29 Ekim 1914’de gerçekleşen Karadeniz Baskınını Osmanlı basını 31 Ekim günü haber olarak sayfalarına taşıdılar. Bu arada olayın sebebi olarak ileri sürülen argüman nefsi müdafaaydı. Yani Ruslar, Türklere saldırılarda bulunmuşlar, Türkler de kendilerini savunmak için karşılık vermişlerdi.
Gazeteler böyle yazarken Osmanlı Hükumetinin, Rusya’ya yönelik bu harekattan haberdar olmadığı gerçeği de ortaya çıkmıştı. Zira başta sadrazam olmak üzere hükumet üyeleri Enver Paşa’yı protesto etmişler ve hatta istifa edeceklerini bildirmişlerdi. Ancak daha sonra bu düşünceden iki sebeple vazgeçtiler. 1- Kendilerinin istifası halinde Enver Paşa savaş yanlısı taraftarlarıyla yeni bir hükumet kurar ve daha rahat at oynatırdı 2- Böyle bir zamanda birlik ve beraberlik içinde hareket etmek daha doğru olurdu.
Hükumet, Enver Paşa’yı Ruslardan özür dilemeye davet etti. Enver Paşa da canı hiç istememesine rağmen Rusya’ya bir özür mektubu yazdı ama işin doğrusu özrü kabahatinden büyüktü ( Buraya az sonra geleceğim yine. )
Olaya Almanya tarafından bakacak olursak...
Osmanlı Donanmasının, Amiral Souchon komutasında gerçekleştirdiği Karadeniz Baskını ile ilgili olarak Almanya ‘’ Ulan n’aaptınız siz. Durduk yere niçin Rus limanlarını bombaladınız? Böyle bir zamanda yapılacak halt mıydı bu?’’ tavırları sergiledi. Yani efendim sözde Almanya’nın bu baskından haberi olmadığı gibi ilgisi- alakası da kesinlikle yoktu(!)
Rusya ise şaşkındı. Osmanlı Devleti ile bir savaşa girecek olsa Osmanlı’nın Boğazları kapatacağı aşikardı. Böyle bir durumda ise hem ekonomik hem askeri açıdan hapı yutardı. Ama öte taraftan büyük bir hakarete uğramış, itibarı sarsılmıştı ve bunun onarılması gerekiyordu.

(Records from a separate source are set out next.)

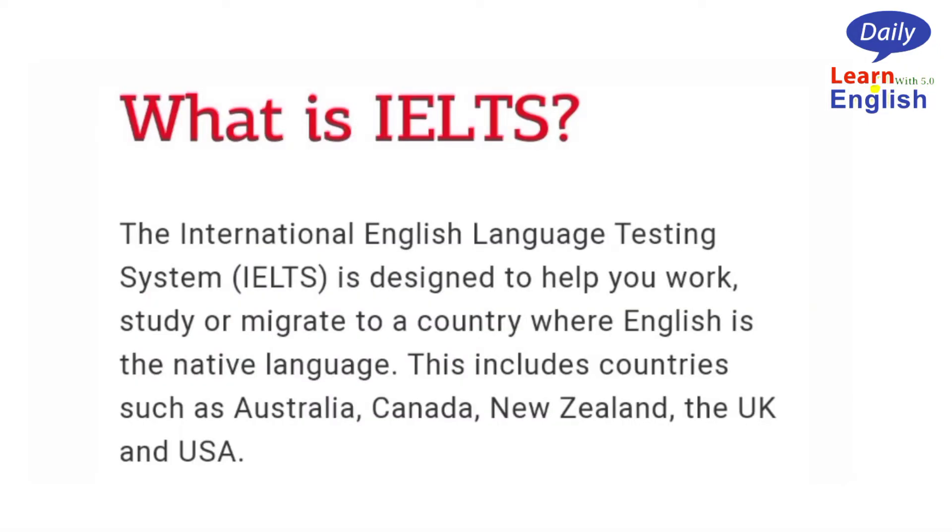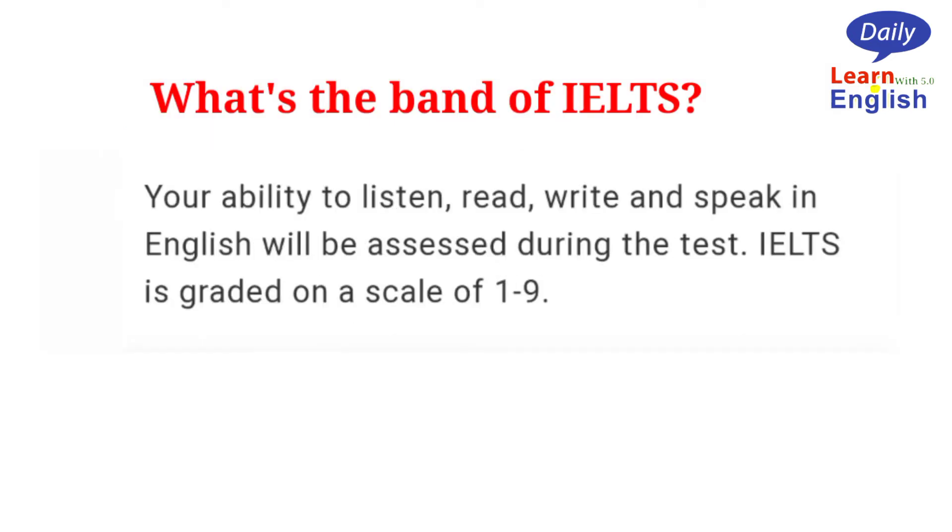Today I'm going to discuss what IELTS is and why we need it. The International English Language Testing System (IELTS) is designed to help you work, study, or migrate to a country where English is the native language. This includes countries such as Australia, Canada, New Zealand, the UK, and the USA. Your ability to listen, read, write, and speak in English will be assessed during the test.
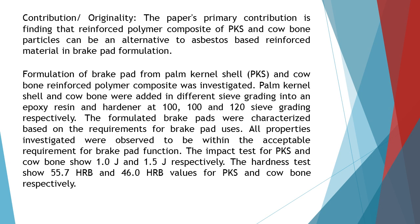The formulated break pads were characterized based on the requirements for break pad uses. All properties investigated were observed to be within the acceptable requirement for break pad function. The impact test for PKS and cowbone showed 1.0 J and 1.5 J respectively. The hardness test showed 55.7 HRB and 46.0 HRB values for PKS and cowbone respectively.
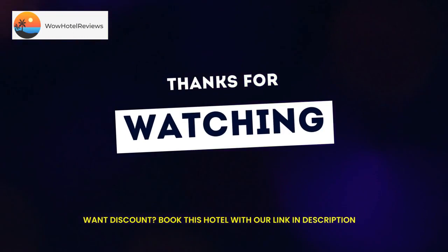Use our link in the description to get a special discount on this hotel. Don't forget to like and subscribe to our channel.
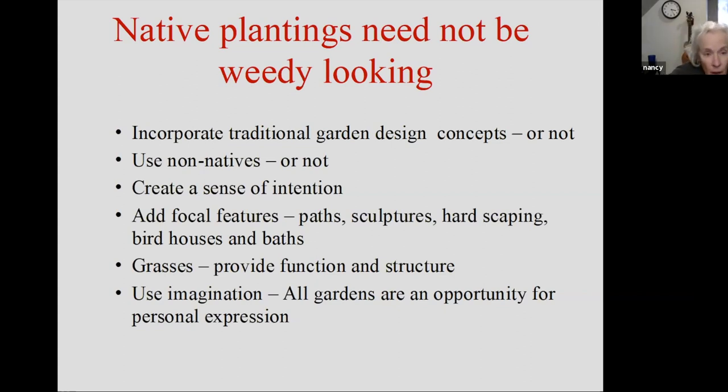Create a sense of intention — I think that's profoundly important. Make it look like you want it to look that way and it will not look as messy. Some ways you can do that: add focal features like paths, sculptures, hardscaping, birdhouses, birdbaths, and whatnot — make it look like it's on purpose. Grasses provide some structure in your garden, and they're also very functional in that they provide shelter for a lot of butterflies.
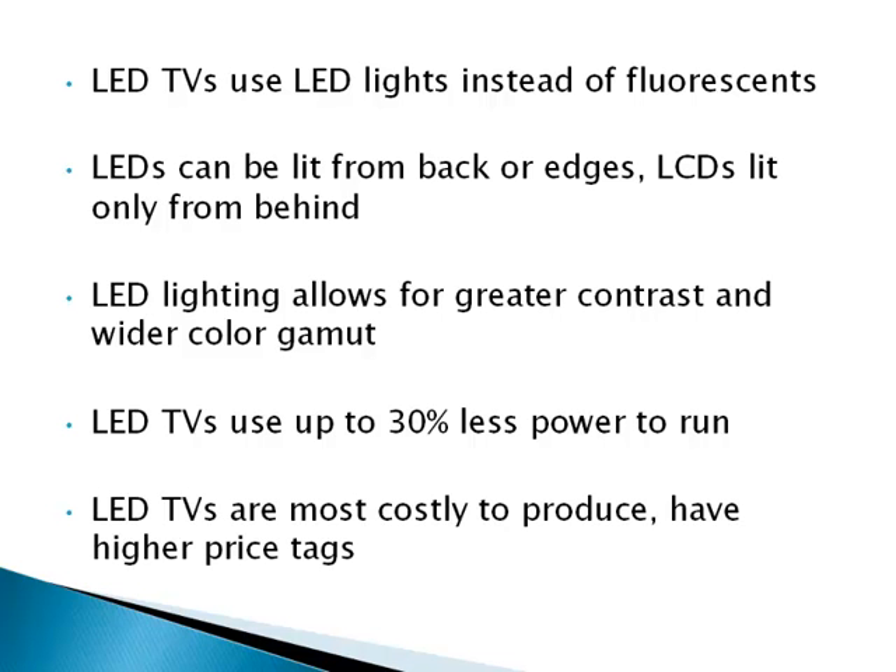But while LED TVs could save you money on your electric bill, they are much more expensive to produce and therefore carry a much higher price tag than regular LCD TVs. I hope this webcast helped clarify the differences between LCD and LED TVs. I hope you enjoyed it, and thank you for watching.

Böyle bir ortamda en doğru karar Osmanlı Devletine sert bir ültimatom çekmek ve sonrasında Osmanlı Devleti’nin sunacağı özrü ‘’ Bir daha sakın yapmayın yoksa karışmam!’’ diyerek kabul etmekti. Osmanlı ile bir savaşa girmek şu an için akıllıca bir davranış değildi.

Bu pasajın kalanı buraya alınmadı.